World champions Red Bull were the only one of the ten teams whose budget cap declaration for the 2021 season was not certified by the FIA following a lengthy auditing process, although Aston Martin and Williams were also found to have committed procedural breaches by the governing body.
The team denied knowingly overspending but later signed an agreement with the FIA accepting a ‘minor’ breach of the spending cap and were punished with a fine, a reduction in their spending cap for 2023 and a 10% reduction in their aerodynamic testing allowance for 12 months.
Speaking to the i newspaper, Horner claimed an unnamed rival team deliberately used the furore over their budget cap breach to target Red Bull’s sponsors.

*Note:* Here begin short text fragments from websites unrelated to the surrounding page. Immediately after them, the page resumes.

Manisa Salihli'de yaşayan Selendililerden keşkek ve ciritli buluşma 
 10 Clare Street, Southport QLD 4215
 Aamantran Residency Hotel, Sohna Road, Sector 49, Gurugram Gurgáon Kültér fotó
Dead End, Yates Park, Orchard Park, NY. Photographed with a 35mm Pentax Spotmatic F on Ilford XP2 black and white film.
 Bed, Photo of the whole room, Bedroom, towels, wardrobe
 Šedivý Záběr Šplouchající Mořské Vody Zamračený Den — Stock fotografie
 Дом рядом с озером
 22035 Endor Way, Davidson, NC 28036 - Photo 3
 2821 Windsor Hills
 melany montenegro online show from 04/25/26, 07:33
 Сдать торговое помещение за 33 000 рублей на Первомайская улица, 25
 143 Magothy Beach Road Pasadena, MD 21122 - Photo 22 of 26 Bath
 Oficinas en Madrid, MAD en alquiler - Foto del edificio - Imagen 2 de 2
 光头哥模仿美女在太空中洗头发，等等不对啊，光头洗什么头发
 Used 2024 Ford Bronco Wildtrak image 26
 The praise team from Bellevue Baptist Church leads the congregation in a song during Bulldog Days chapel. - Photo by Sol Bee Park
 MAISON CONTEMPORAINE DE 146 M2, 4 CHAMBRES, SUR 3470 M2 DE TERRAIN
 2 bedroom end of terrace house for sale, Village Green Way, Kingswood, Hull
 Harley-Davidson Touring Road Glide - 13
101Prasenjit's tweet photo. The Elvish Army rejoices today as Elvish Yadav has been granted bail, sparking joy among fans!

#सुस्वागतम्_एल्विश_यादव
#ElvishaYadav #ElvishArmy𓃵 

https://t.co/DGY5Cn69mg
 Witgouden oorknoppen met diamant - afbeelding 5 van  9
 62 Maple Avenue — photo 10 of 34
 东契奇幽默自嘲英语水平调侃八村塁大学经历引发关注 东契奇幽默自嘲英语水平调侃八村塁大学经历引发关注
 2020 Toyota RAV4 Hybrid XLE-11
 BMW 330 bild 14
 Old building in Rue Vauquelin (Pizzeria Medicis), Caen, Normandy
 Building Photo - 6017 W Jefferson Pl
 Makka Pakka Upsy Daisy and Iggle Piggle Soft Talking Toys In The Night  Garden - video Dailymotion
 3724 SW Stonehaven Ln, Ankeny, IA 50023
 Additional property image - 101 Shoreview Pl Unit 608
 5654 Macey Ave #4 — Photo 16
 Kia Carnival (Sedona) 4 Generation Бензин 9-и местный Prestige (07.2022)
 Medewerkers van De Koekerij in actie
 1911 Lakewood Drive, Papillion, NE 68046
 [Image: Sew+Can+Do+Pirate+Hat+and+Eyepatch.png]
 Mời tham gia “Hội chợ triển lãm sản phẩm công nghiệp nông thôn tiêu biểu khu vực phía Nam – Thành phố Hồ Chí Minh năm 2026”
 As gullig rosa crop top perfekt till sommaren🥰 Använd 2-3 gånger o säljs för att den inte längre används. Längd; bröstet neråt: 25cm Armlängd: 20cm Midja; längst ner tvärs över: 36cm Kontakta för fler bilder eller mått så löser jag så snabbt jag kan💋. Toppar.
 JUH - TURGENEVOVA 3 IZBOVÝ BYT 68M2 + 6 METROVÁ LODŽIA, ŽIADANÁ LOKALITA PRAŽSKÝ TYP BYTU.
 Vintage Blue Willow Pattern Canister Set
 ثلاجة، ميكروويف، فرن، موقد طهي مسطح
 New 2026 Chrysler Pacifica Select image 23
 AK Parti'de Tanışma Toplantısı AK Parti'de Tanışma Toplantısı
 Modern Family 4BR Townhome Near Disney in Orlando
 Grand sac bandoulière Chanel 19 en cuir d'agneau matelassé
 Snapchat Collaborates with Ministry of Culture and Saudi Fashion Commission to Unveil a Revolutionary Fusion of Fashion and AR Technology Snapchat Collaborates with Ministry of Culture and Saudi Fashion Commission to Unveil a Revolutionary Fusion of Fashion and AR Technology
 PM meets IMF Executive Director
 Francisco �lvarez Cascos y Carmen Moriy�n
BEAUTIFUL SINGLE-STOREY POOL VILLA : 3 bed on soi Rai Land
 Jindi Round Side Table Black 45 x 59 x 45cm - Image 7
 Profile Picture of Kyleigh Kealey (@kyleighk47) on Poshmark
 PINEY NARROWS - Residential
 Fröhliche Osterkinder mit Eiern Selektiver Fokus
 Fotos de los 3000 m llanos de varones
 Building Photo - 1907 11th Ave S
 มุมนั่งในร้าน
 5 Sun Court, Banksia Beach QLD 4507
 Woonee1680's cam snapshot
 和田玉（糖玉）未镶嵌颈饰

“It tainted us,” Horner said. “These things get used by your rivals. We had one of them contacting our sponsors and partners making suggestions that we would be bringing their brands into disrepute. That was just underhand.”
Despite winning the last two drivers’ championships with Max Verstappen and dominating the 2022 season on their way to their first constructors’ title since 2013, Red Bull have at times been the subject of controversy.
The team’s intense fight with Mercedes in 2021 – where Verstappen and Lewis Hamilton clashed on multiple occasions fighting for the championship – led to heightened tensions between fans of both drivers on social media which flared again after Red Bull being found to have breached the budget cap. Horner suggests that the intensity of criticism they face would be reduced “if we had a British driver like a certain team in Brackley [Mercedes]. We are too easily seen as the bad guys.”
Red Bull have dominated the start of the 2023 season, taking two pole positions and two one-two victories in the opening two rounds in Bahrain and Saudi Arabia. However, Horner says he does not expect their dominance to go unchallenged throughout the entire season.
“There is always something, always a technical directive that drops, a game changer,” Horner said.
“You can guarantee that the others will be scheming, ‘how can we slow them down’. It’s part of the game. Having lived through it before you become more seasoned in how to ride it out.”